# WORK TO COMPLETE
In your copy, the records appear word for word and the pictures do not appear at all.
+--
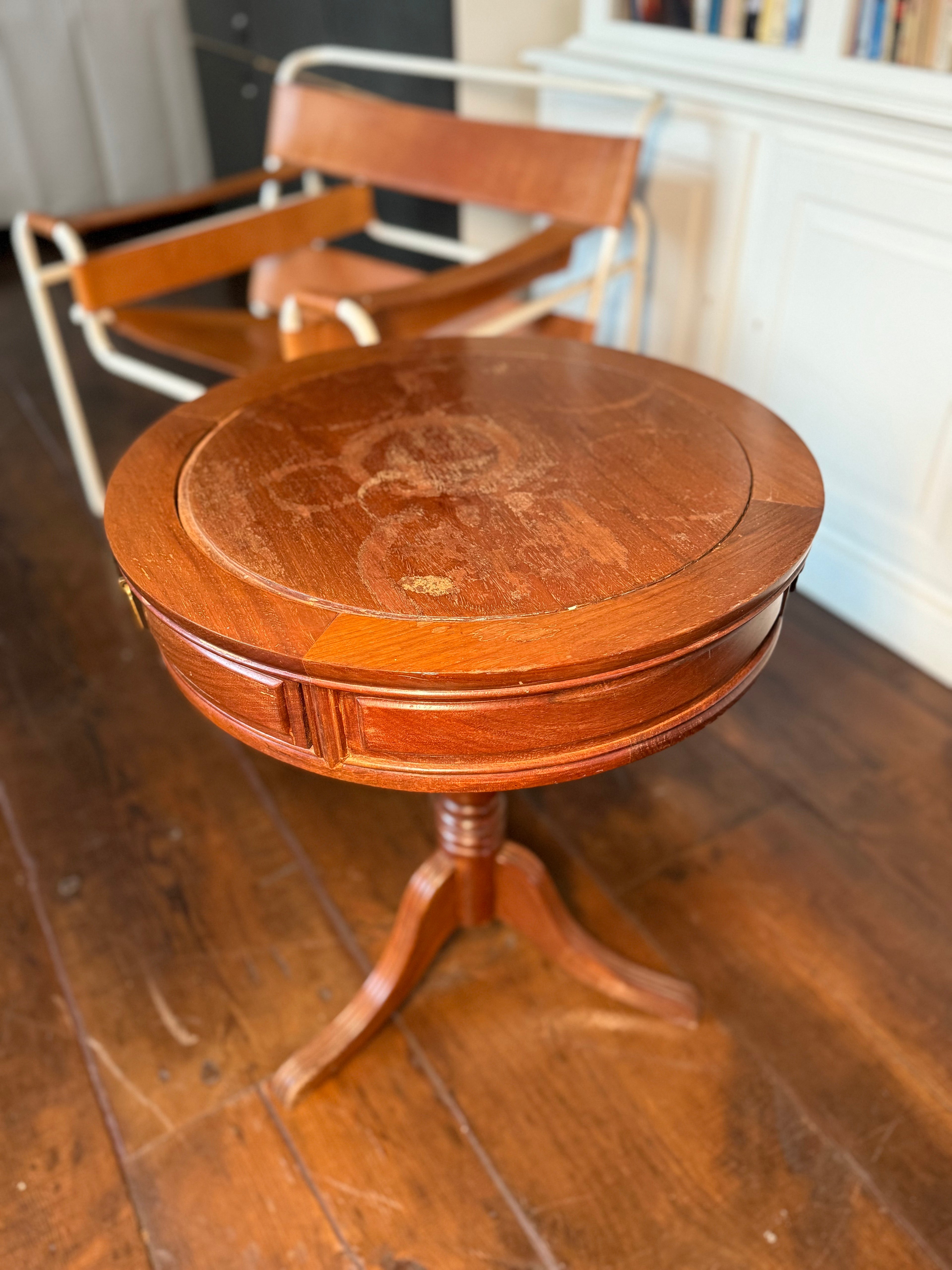 Klein Rond Houten Bijzettafeltje – Bruin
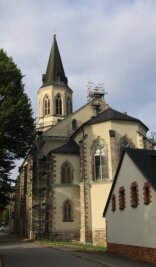 Stadtkirche Johann'stadt: Giebelkreuz nach Sturmschaden ersetzt - 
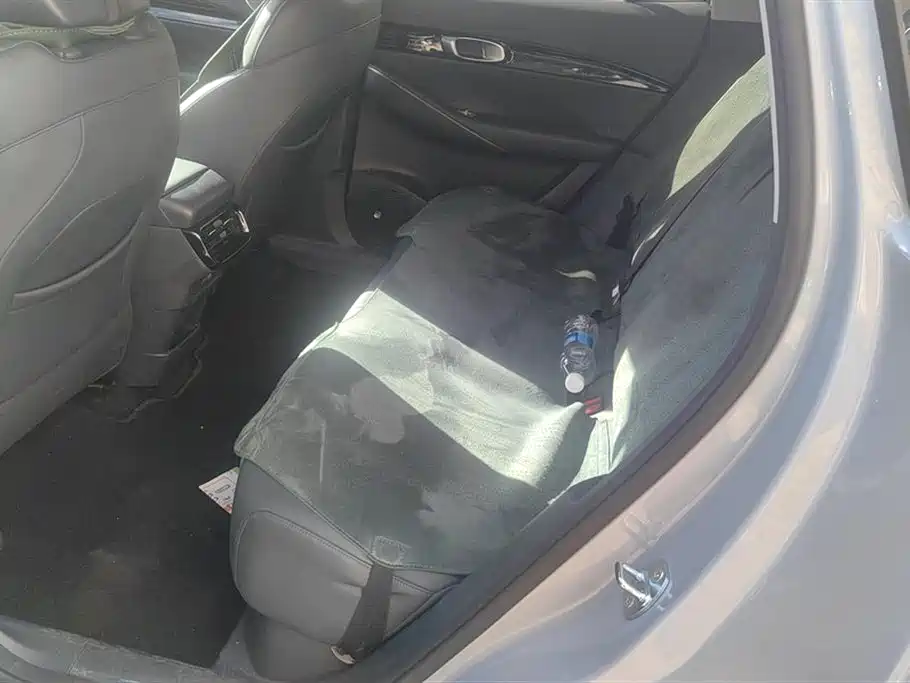 Geely Galaxy Galaxy E5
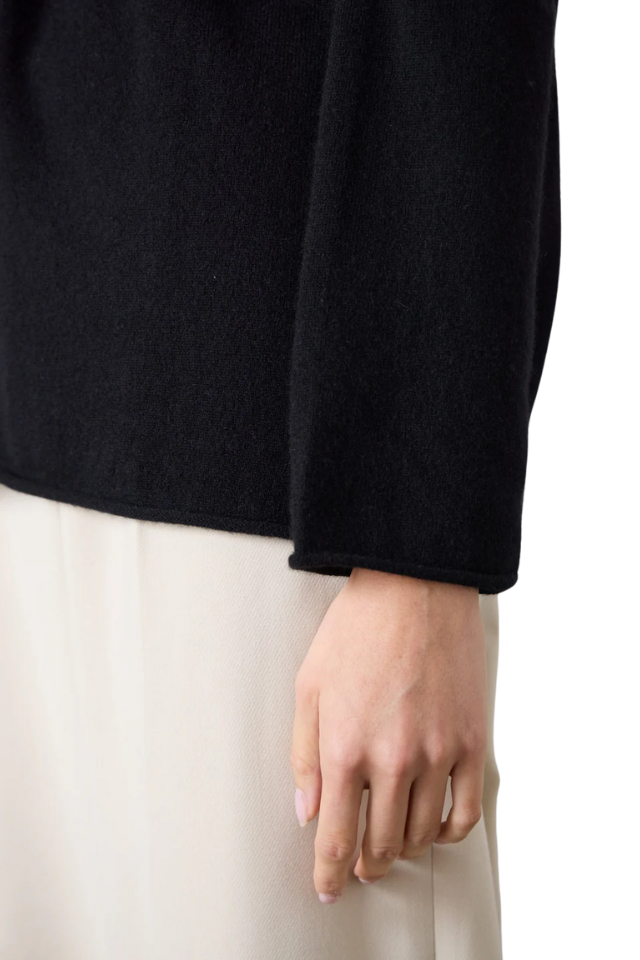 Mara Funnel Neck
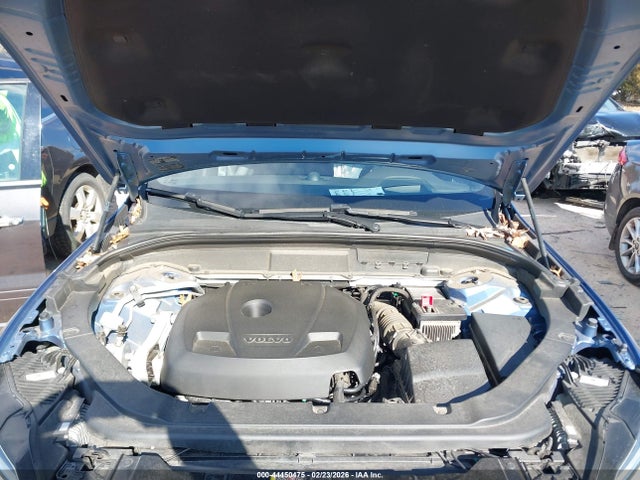 2019 VOLVO XC60 LYVA22RM9KB223224 Photo 9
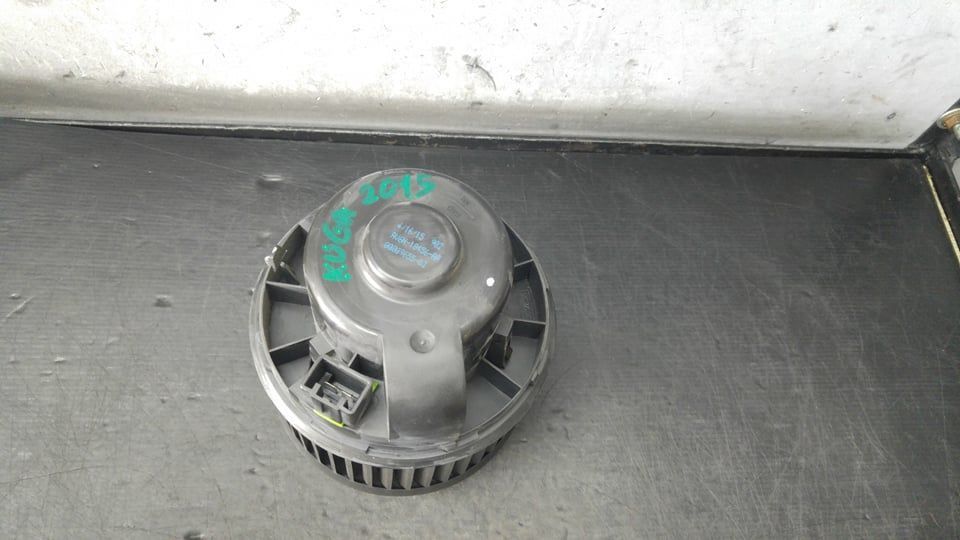 Aeroterma ford kuga 2 dm2 av6n18456aa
+--
# TASK RESULT
 Klein Rond Houten Bijzettafeltje – Bruin
 Stadtkirche Johann'stadt: Giebelkreuz nach Sturmschaden ersetzt - 
 Geely Galaxy Galaxy E5
 Mara Funnel Neck
 2019 VOLVO XC60 LYVA22RM9KB223224 Photo 9
 Aeroterma ford kuga 2 dm2 av6n18456aa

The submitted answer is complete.